5. Бог, снимающий поношение
«После сих дней зачала Елисавета, жена его, и таилась пять месяцев и говорила: так сотворил мне Господь во дни сии, в которые призрел на меня, чтобы снять с меня поношение между людьми» (Лк. 1:25).
Существует сказка о царе, казнившем всех своих цирюльников. Однажды нового цирюльника предупредили, что, если он разболтает цареву тайну, голова тут же слетит с его плеч. Цирюльник много дней мучился этой тайной, просившейся стать известной, и наконец, не выдержав, выбежал в поле и закричал что есть мочи: «А царь-то рогатый!». Необычную тайну хранить всегда сложно. Можно только удивляться выдержке Елизаветы, оберегавшей тайну своего материнства пять месяцев! Она желала, чтобы чудо стало очевидным и сказало само за себя. Дела всегда говорят громче слов!
В те знаменательные дни Елизавета готовилась навсегда распрощаться еще с одной тайной – тяжелыми жизненными переживаниями, причиненными людьми. В словах Елизаветы «снять с меня поношение между людьми» слышится отзвук многолетней изнуряющей душевной боли от людского поношения из-за бездетности. Для женщины в те времена бездетность была особенно сильным потрясением, ибо вина за бесплодие возлагалась только на нее.
В наше время научились (да и то отчасти!) лечить бесплодие, но в ту эпоху оно не лечилось и считалось Божьим наказанием за грехи.
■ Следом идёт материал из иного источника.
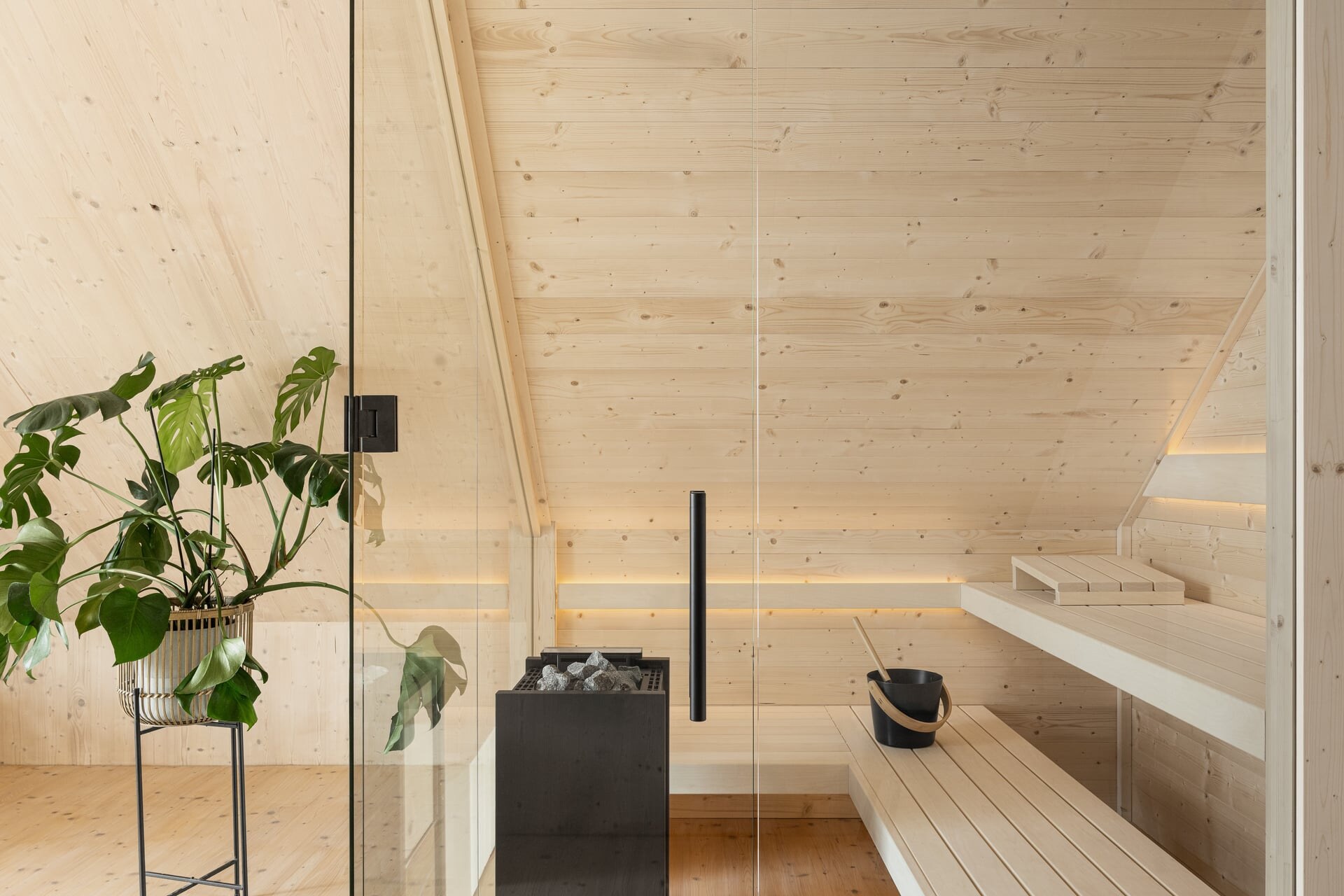 Minimalistische Sauna aus naturbelassenem, hellen Fichtenholz mit großer Glasfront unter einer Dachschräge integriert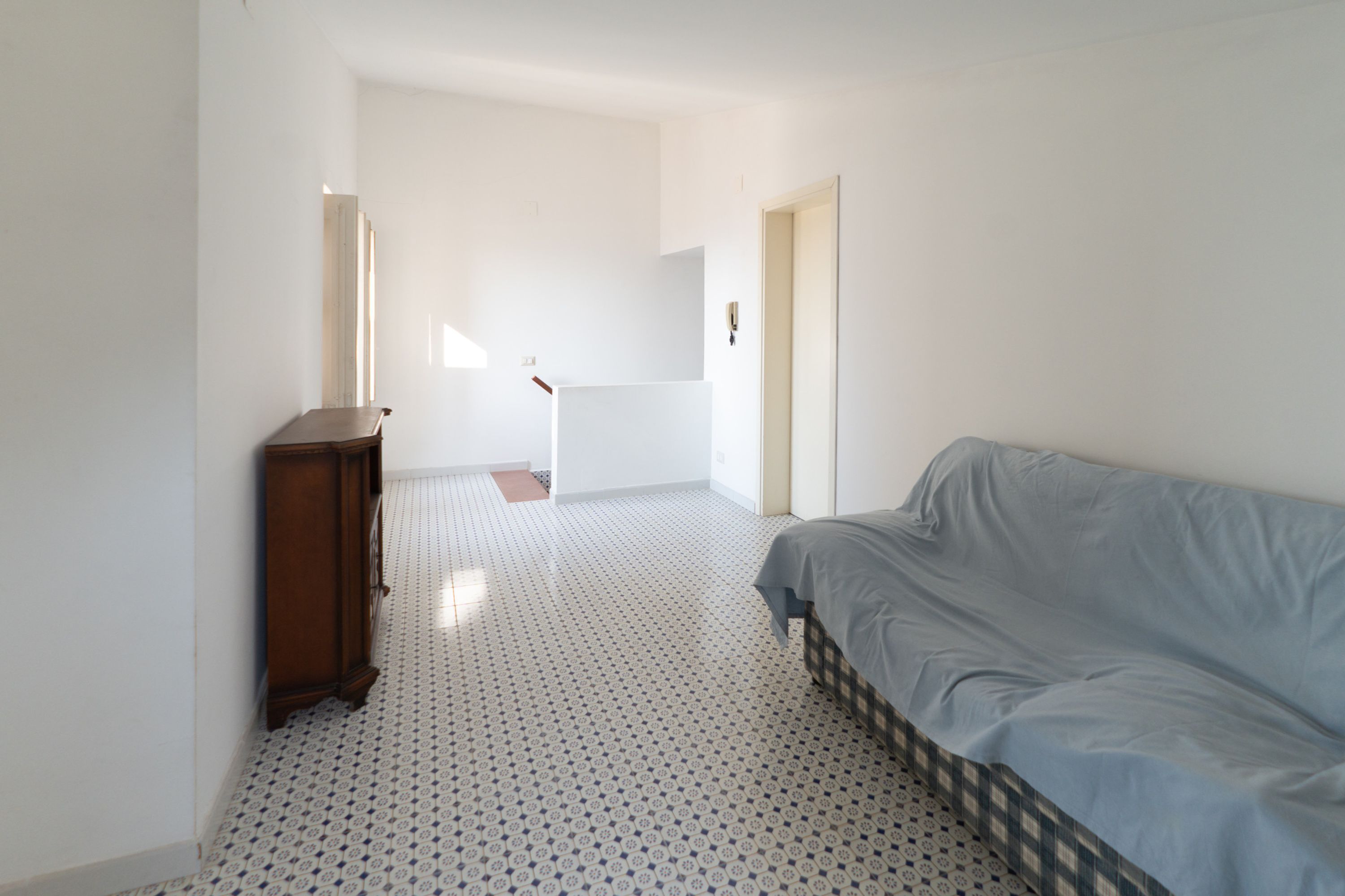 A room with a bed, a wooden dresser, and a patterned floor.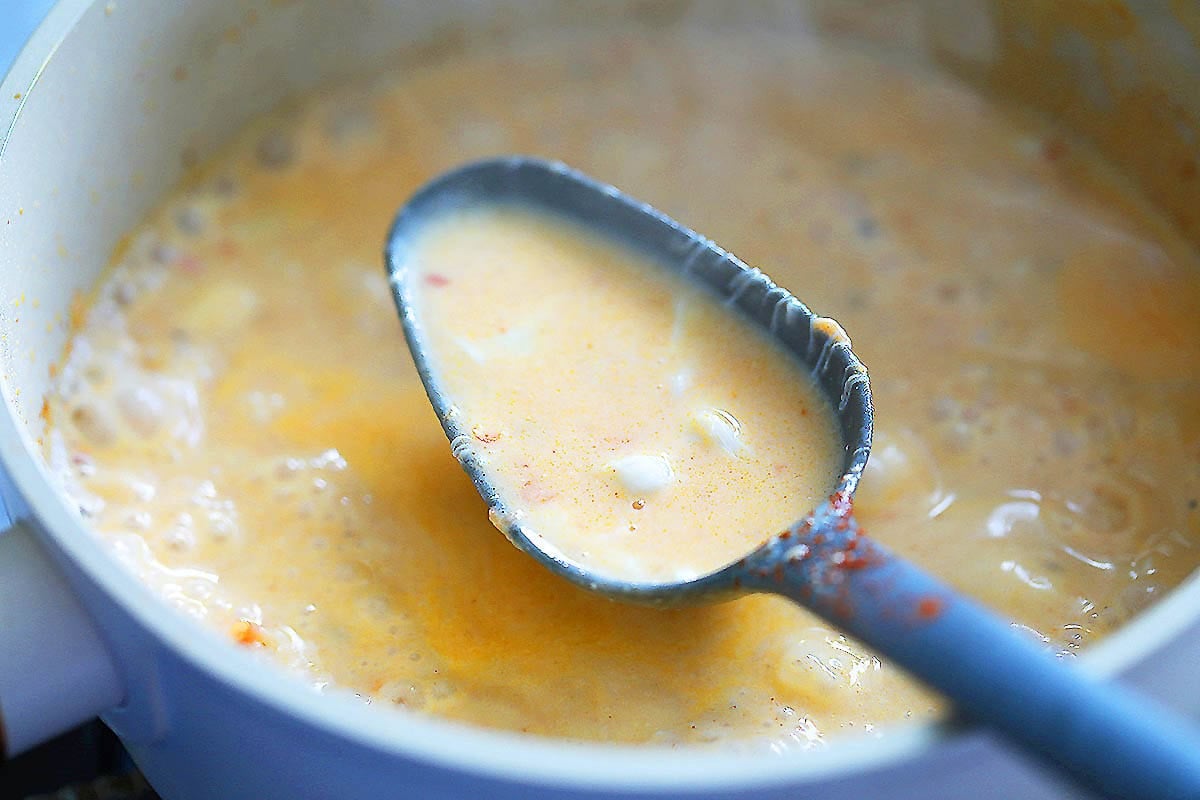 A spoonful of bisque and crab meat.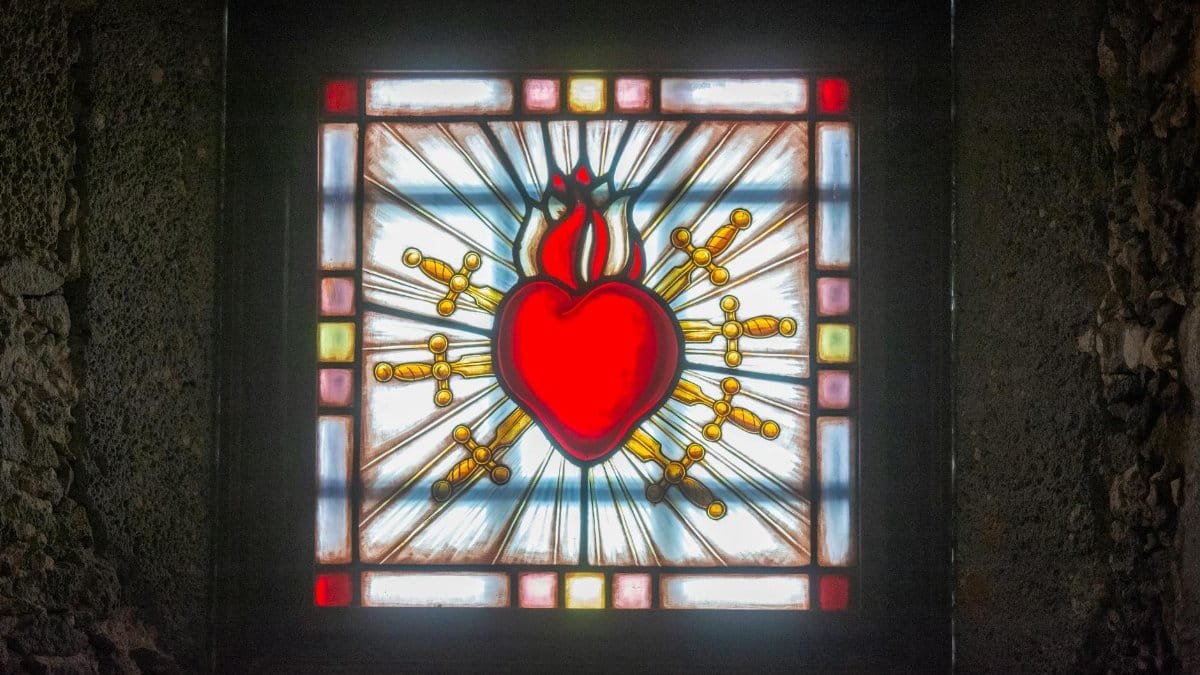 Vibrant stained glass depicting Sacred Heart in a church setting, symbolizing love and devotion.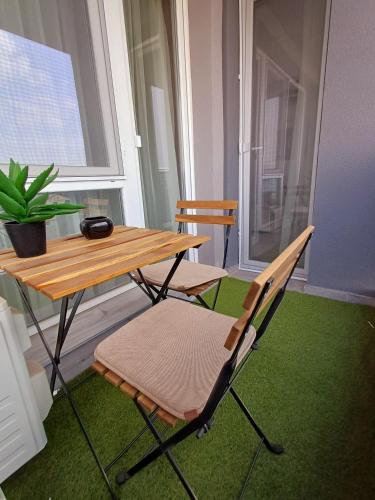 a table and chairs in a room with a window at Your Home in Plovdiv with Free Private Parking in Plovdiv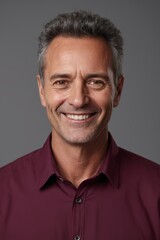 Obraz premium smiling man in a maroon shirt with a gray background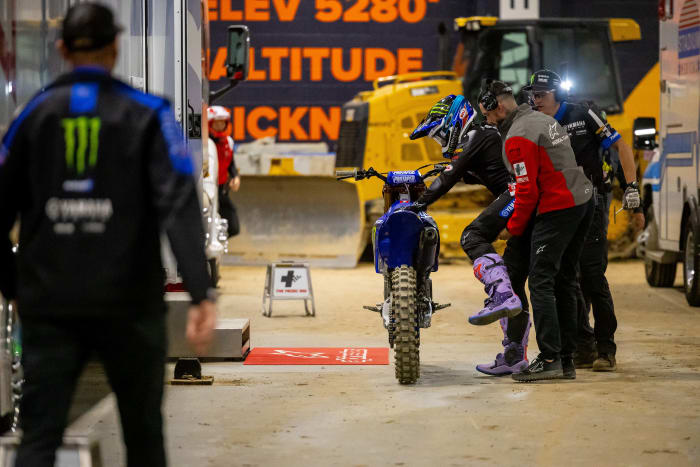 Eli Tomac is helped by medical personnel after being injured in Saturday's Supercross race in Denver. Photo courtesy Feld Motor Sports.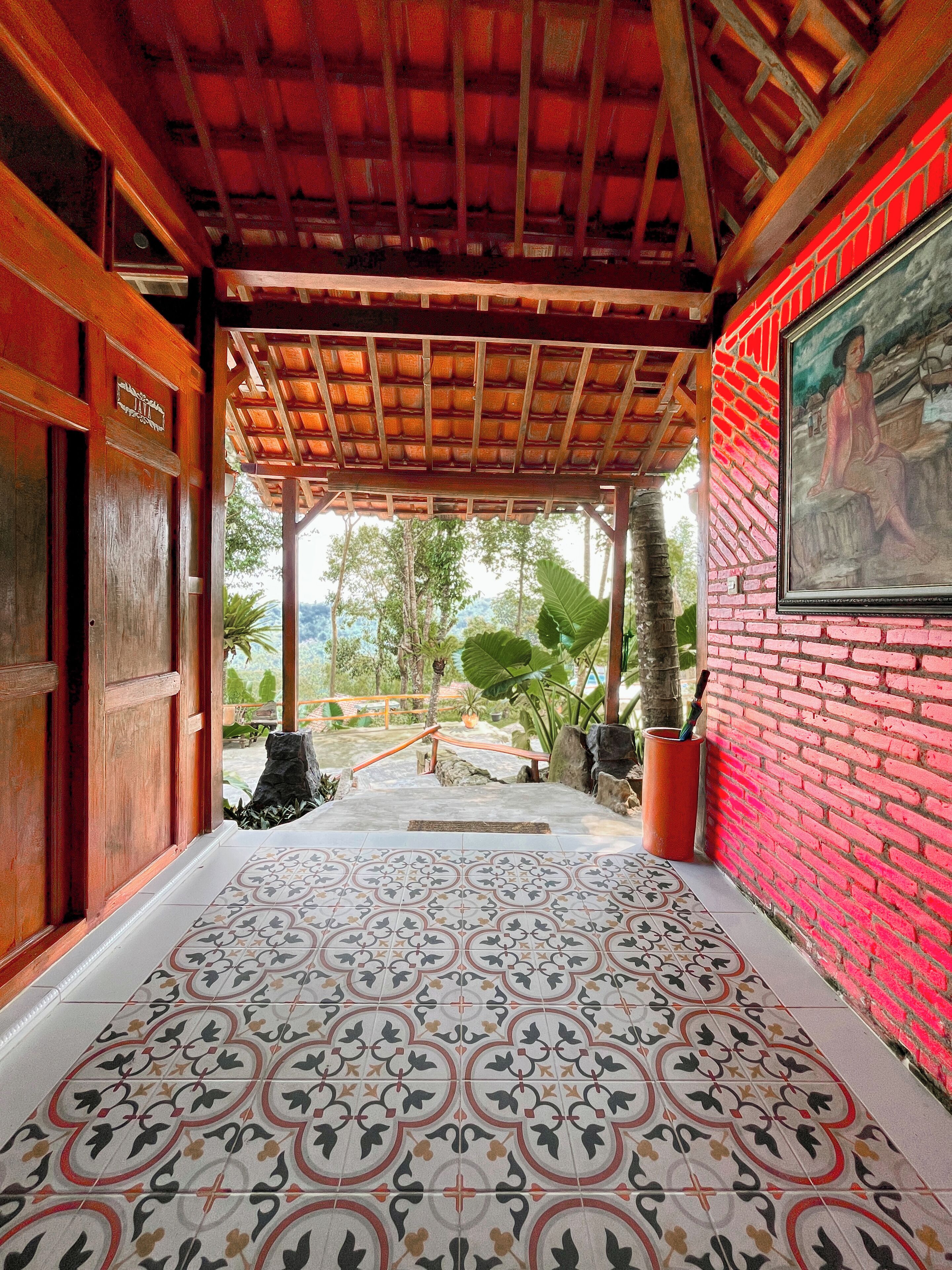 A covered walkway with patterned flooring, a wooden door, a brick wall with a framed picture, and a view of greenery.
Соседи показывали на Елизавету пальцем и говорили друг другу: «Прикидывается святой, будто все уставы Божьи исполняет, а все же не избежала вышнего суда. Где-то нагрешила! Бог шельму метит!». Кто захотел бы общаться с женщиной, на которую Бог прогневался? Кто пригласил бы ее на свадьбу? Кто поведал бы ей свою радость или печаль? Кто попросил бы ее помолиться о какой-либо нужде? Для этого ищут благословенных, а не проклятых. Если учесть женскую природу, которая все события пропускает через сердце, то можно себе представить, под каким огромным психологическим давлением прожила жизнь Елизавета!
Объективность – редкое достоинство людей. Они судят в меру своей испорченности и страдают склонностью к упрощениям. Они превозносят достойных осуждения и презирают достойных признания. Евангелист Иоанн пишет, как апостолы, увидев слепого от рождения человека, сразу задались вопросом: кто согрешил – он или родители его? Если лучшие из лучших не чуждались плохих предположений, что же говорить о прочих?
Редко какому страннику в небесную страну удается избежать негативной оценки, преувеличений, прозвищ, клеветы. Царь Давид сполна пережил их горечь: «От всех врагов моих я сделался поношением даже у соседей моих и страшилищем для знакомых моих; видящие меня на улице бегут от меня. Я забыт в сердцах, как мертвый; я – как сосуд разбитый» (Пс. 30:12,13). Король проповедников Ч. Х. Сперджен не раз едко высмеивался в лондонской прессе.
Да что говорить об обычных людях, если святой и добродетельный Христос не избежал чудовищной, несправедливой клеветы?! Его безосновательно обвиняли в фанатизме, богохульстве, обмане, политической неблагонадежности, ереси, нарушении Божьего закона, связи с бесами, терроризме, аморальности.